Fra le startup selezionate due sono italiane, Holey e StayActive. La prima è impegnata nello sviluppo di un sistema che punta a rivoluzionare la progettazione e il processo produttivo (dalla scansione 3D dell'arto del paziente fino alla stampa in tre dimensioni del dispositivo) di gessi funzionali e tutori ortopedici realizzati con un materiale plastico ipoallergenico. Fondata l'anno scorso a Roma (da Gabriel Scozzarro, Francesco Leacche, Edoardo Previti Flesca e Roberto De Ioris), ha preso forma nel Tecnopolo Tiburtino, all'interno dell'incubatore regionale “Bic Lazio”, e ha vinto il premio Lazio Innovatori come migliore startup del 2016.

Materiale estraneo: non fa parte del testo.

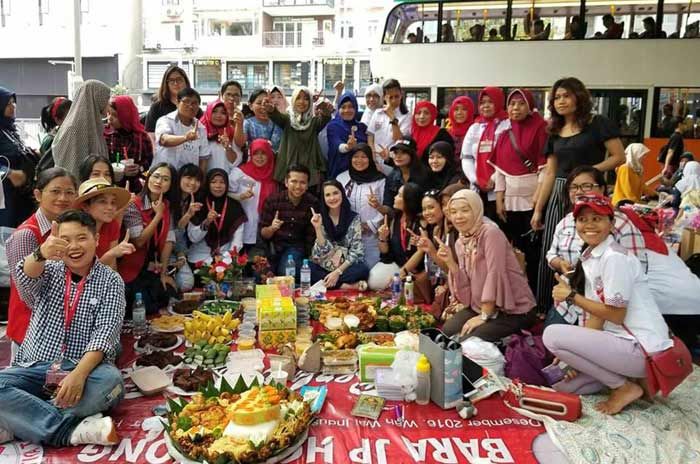 Disambut Ribuan Buruh di Hong Kong, Emil Disebut Pemimpin Peduli Buruh Migran Disambut Ribuan Buruh di Hong Kong, Emil Disebut Pemimpin Peduli Buruh Migran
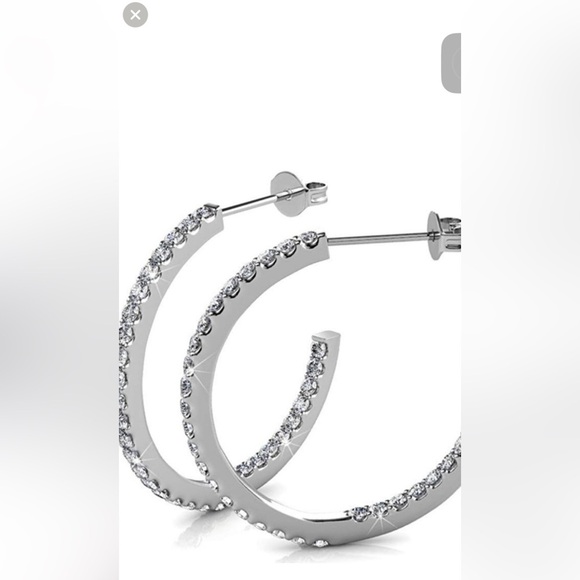 New Swarovski Crystal 18k white Gold plated Hoop 26 mm stunning Earrings. - Picture 3 of 4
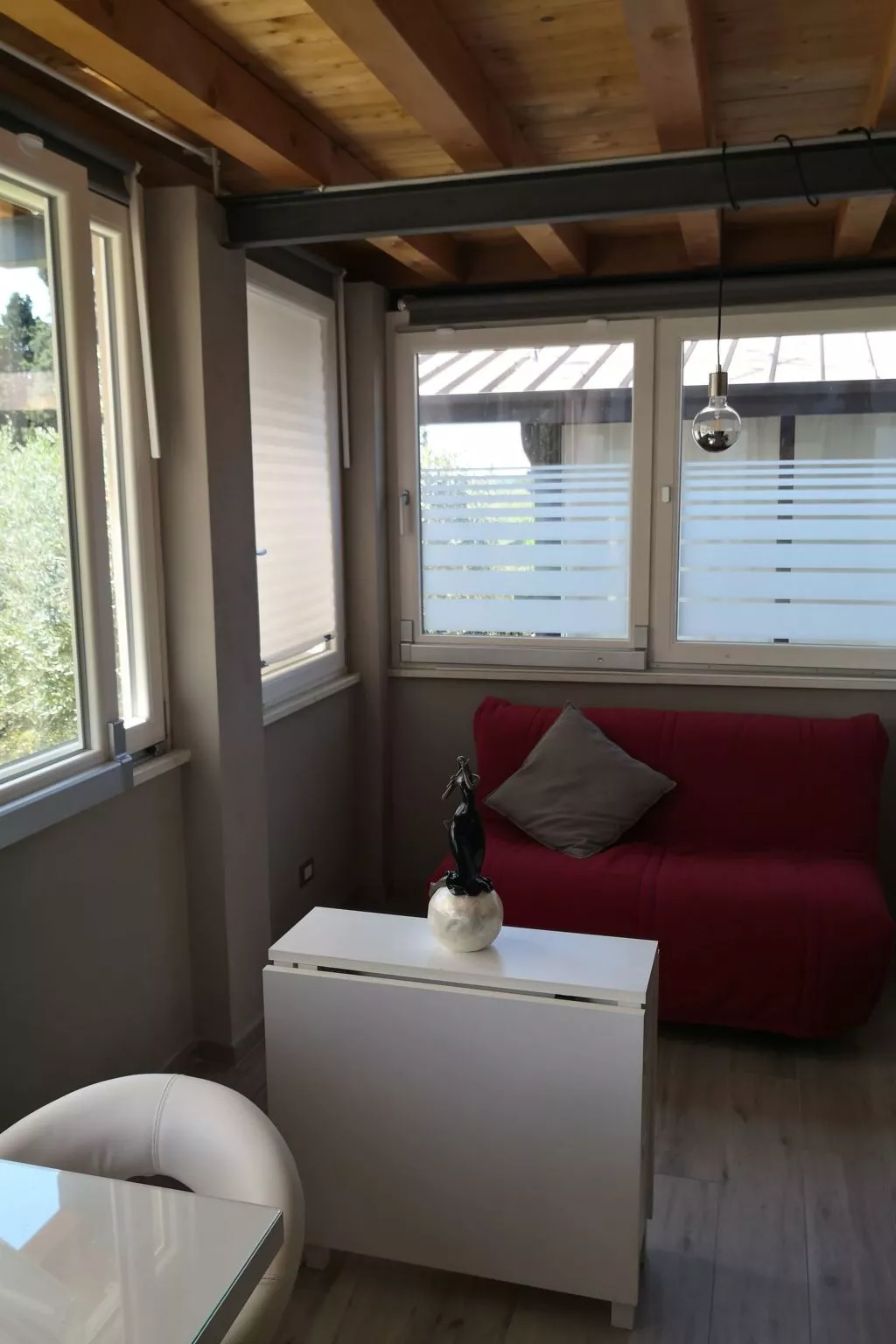 Freifläche mit direktem Zugang zum Strand-Drinnen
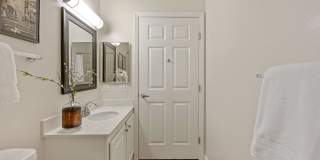 Roebling Row Gallery 67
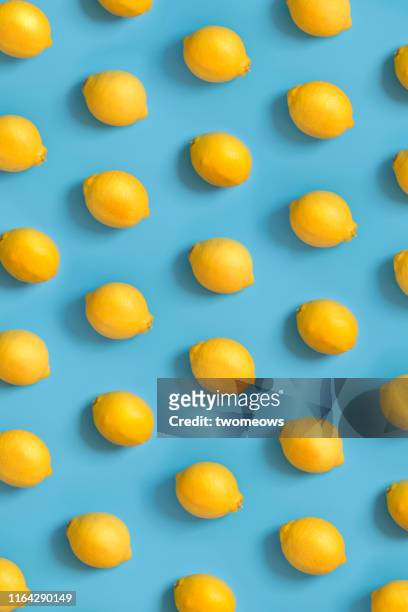 lemon on blue background. - lemon pattern stock-fotos und bilder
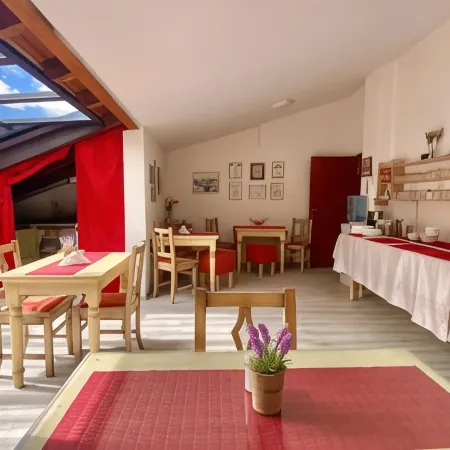 "VILLA DENY" Boutique Hotel - Included "FREE PARKING"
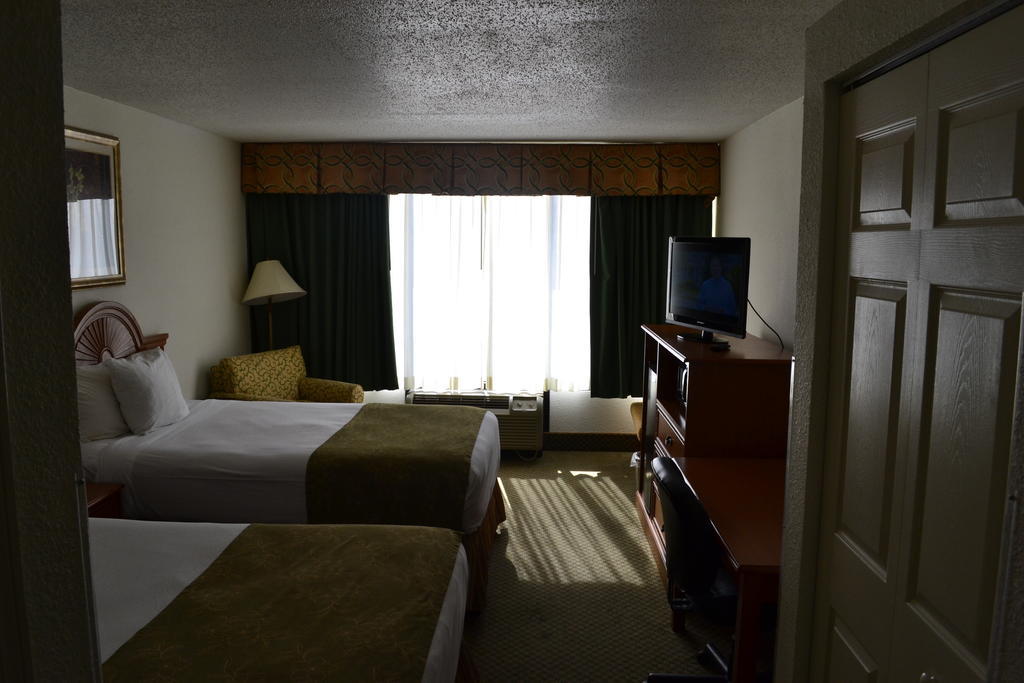Jameson Inn & Suites Боулинг Грин Экстерьер фото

La seconda, invece, ha dato vita piccolo dispositivo indossabile (certificato dall'Istituto Scientifico Italiano Colonna Vertebrale) in grado di correggere la postura scorretta in posizione eretta o da seduti: viene calibrato attraverso un'app dedicata ed è in grado di avvisare l'utente attraverso una lieve vibrazione. L'idea è nata nel 2016 grazie a tre studenti di Vigevano, in provincia di Pavia (Francesco Dulio, Luca Scevola, Susanna Brogin), e ha raccolto oltre 10mila euro di finanziamenti lo scorso marzo grazie a una campagna di crowdfunding su Eppela.